As a student loan borrower, managing one monthly payment can be tough. And when you have more than one student loan, it's even harder. For borrowers with multiple student loans, consolidation can be a useful option as it simplifies the repayment process with one monthly payment.
Student loan consolidation is the process of merging multiple student loans into one new loan with one easy monthly payment, rather than multiple payments each month. Essentially, the new loan pays off your old student loans when you consolidate. Because your old student loans are paid off, the consolidation process is not reversible. You can consolidate your loans after you graduate, leave school or drop below half-time enrollment. Keep in mind that if you apply for a consolidation loan during your grace period, you may end up forfeiting some of it once the loan is approved and repayment begins. Student loan consolidation can vary depending on the type of loans you have.
If you have federal student loans, you can apply for a Direct Consolidation Loan through the US Department of Education. Most federal student loans are eligible for consolidation after you graduate college.
There are no fees to apply for a Direct Consolidation Loan and no credit check is required. When you consolidate, your new loan has a fixed interest rate that is calculated using the weighted average of your previous interest rates. In addition to streamlining your payments, it's possible to extend your repayment term for up to 30 years depending on how much you're consolidating.
The benefit to extending your repayment period is lowering your monthly payments, making your loan more manageable to pay back. However, it will likely mean paying more in interest and increasing the overall cost of the loan.
Depending on your repayment term, you could pay more in interest and you may lose some of your borrower benefits with your current student loans by consolidating. If consolidating your federal student loans interests you, it's key to understand the pros and cons before you apply.

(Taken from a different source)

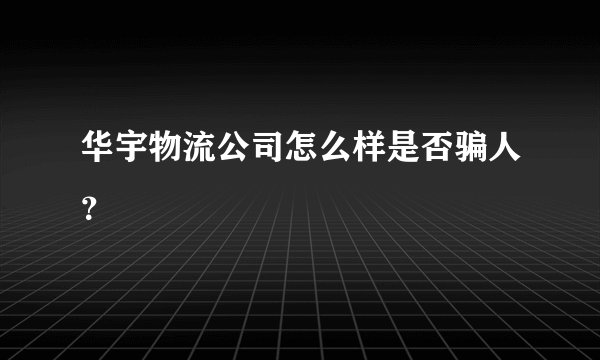华宇物流公司怎么样是否骗人？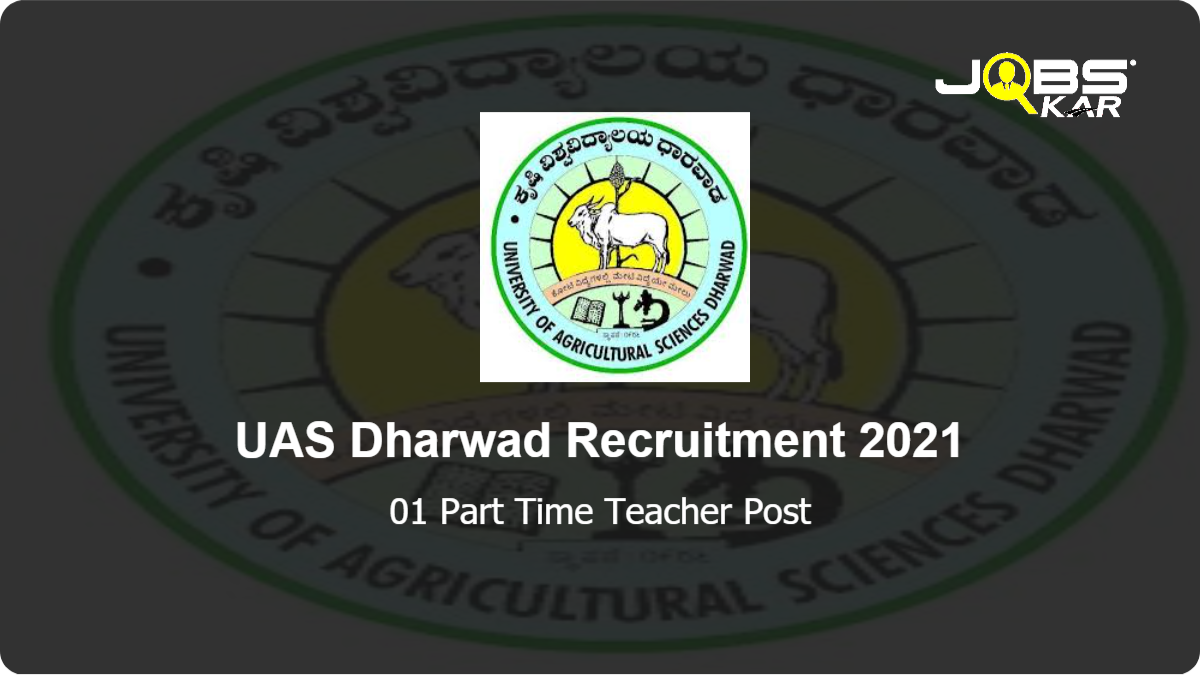 UAS Dharwad Recruitment 2021: Apply for Part Time Teacher Post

If you have private student loans, you can consolidate them with a private lender. For example, Discover Student Loans offers a Private Consolidation Loan. One bonus of consolidating your private student loans is that you could potentially lower your interest rate, too.
There are typically no application fees for consolidating your private student loans; however, you do have to qualify for the loan with a credit evaluation. Depending on your credit, you could be eligible for a better rate than the one you had on the loans you are consolidating. A lower interest rate could save you money in the long run, making it easier to chip away at your principal balance.

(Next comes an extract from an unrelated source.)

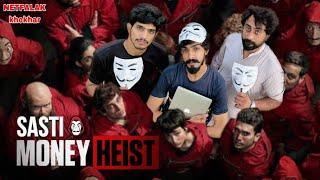 Sasti Money Heist | Hammad Maken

Lenders want to know that you have good credit and sufficient income to pay back your new loan. For private student loan borrowers who meet these criteria, consolidating is a good way to lower your monthly payments, reduce your interest rate and make payments more manageable. You may also be able to release your cosigner from your private student loans through student loan consolidation.
Where most federal student loan borrowers are eligible for consolidation through a Direct Consolidation Loan, not all private student loan borrowers are eligible for private consolidation.
If you are looking to consolidate both your federal and private student loans into one loan, you can apply for a Private Consolidation Loan since Direct Consolidation Loans are only for federal loans.
Consolidating your federal and private student loans is similar to consolidating private loans. You undergo a credit evaluation with a private lender who offers combined consolidation, and if you qualify, your new loan pays off your federal and private student loans. Then you will have a single, lower monthly payment, and since it's a private lender, you may also receive a lower interest rate.
Keep in mind that when you consolidate your federal and private student loans with a private lender, you lose your federal student loan benefits such as any eligibility for an income-driven plan or Public Service Loan Forgiveness. Having these options available to you may outweigh the benefits of consolidating with a private lender, so consider the consequences carefully. If keeping these federal student loan benefits is important to you, then it may be a better idea to consolidate your federal and private student loans separately.
If you're interested in simplifying your monthly payments on your student loans and lowering your payment, consolidation can help. In some cases, it may even be a smart financial move, saving you money on interest. Before doing so, however, weigh the pros and cons of each option to determine what's best for your financial situation.